The size of AI models correlates with their training times, generally speaking, such that larger models take more time — and subsequently more compute — to train. It’s possible to optimize the connections among the mathematical functions (or neurons) through a process known as pruning, which reduces their overall size without compromising accuracy. But pruning can’t be performed until after training.
That’s why researchers at Intel devised a technique that approaches training from the opposite direction, beginning with a compact model and modifying the structure based on data during training. They claim it’s more scalable and computationally efficient than starting with a large model followed by compression, because training operates directly on the compact model. And they claim that — unlike past attempts — it’s able to train a small model with performance equivalent to a large pruned model.
By way of background, neural networks at the heart of most AI systems consist of neurons that are arranged in layers and transmit signals to other neurons. Those signals — the product of data, or inputs, fed into the neural network — travel from layer to layer and slowly “tune” the network by adjusting the synaptic strength (weights) of each connection. Over time, the network extracts features from the data set and identifies cross-sample trends, eventually learning to make predictions.

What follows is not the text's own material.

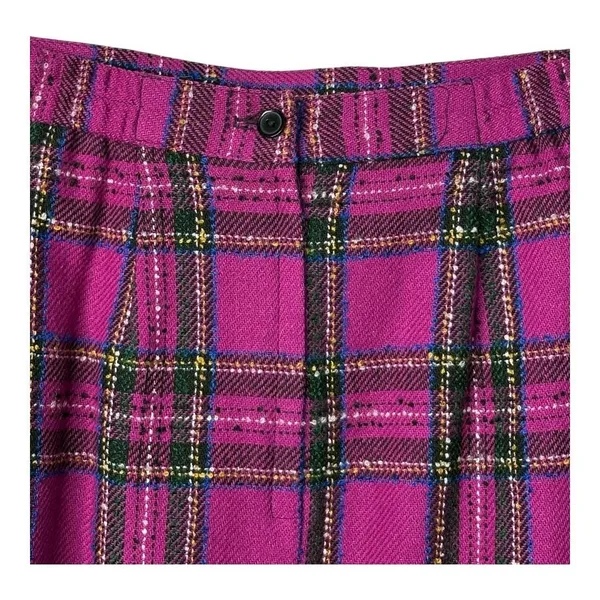 Norton‎ McNaughton Plaid Pencil Skirt Womens 12 Magenta Pink Wool Blend Vintage - Image 5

Neural networks don’t ingest raw images, videos, audio, or text. Rather, samples from training corpora are transformed algebraically into multidimensional arrays like scalars (single numbers), vectors (ordered arrays of scalars), and matrices (scalars arranged into one or more columns and one or more rows). A fourth entity type that encapsulates scalars, vectors, and matrices — tensors — adds in descriptions of valid linear transformations (or relations).

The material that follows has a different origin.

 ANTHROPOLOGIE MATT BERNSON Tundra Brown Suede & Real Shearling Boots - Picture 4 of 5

The team’s scheme, then, which is described in a newly published paper accepted as an oral presentation at the International Conference on Machine Learning 2019, trains a type of neural network known as a deep convolutional neural network (CNN), where the majority of layers have sparse weight tensors, or tensors containing mostly zero values. All of these tensors are initialized at the same sparsity (percentage of zeros) level, and non-sparse parameters (function arguments that have one of a range of values) are used for most other layers.
Throughout training, the same total number of non-zero parameters in the network is maintained while parameters move within and across tensors every few hundred training iterations in two phases: a pruning phase followed immediately by a growth phase. A type of pruning dubbed magnitude-based pruning is used to remove the links with the smallest weights, and parameters are reallocated across layers during training.
To address performance concerns, the researchers trained the neural networks for double the number of epochs (defined as one forward pass and backward pass through the network) used to train epochs, and they tested two of them — WRN-28-2 and ResNet-50 — on the Canadian Institute for Advanced Research’s CIFAR10 image data set and Stanford’s ImageNet. They report that the method achieved better accuracies than static approaches for the same model size while requiring substantially less training, and it yielded better accuracies than previous dynamic methods.
“Experiments indicate that exploring network structure during training is essential to achieve best accuracy,” wrote Hesham Mostafa, one of the paper’s lead authors. “If a static … sparse network is constructed that copies the final structure of the sparse network discovered by the dynamic parameterization scheme, this static network will fail to train to the same level of accuracy.”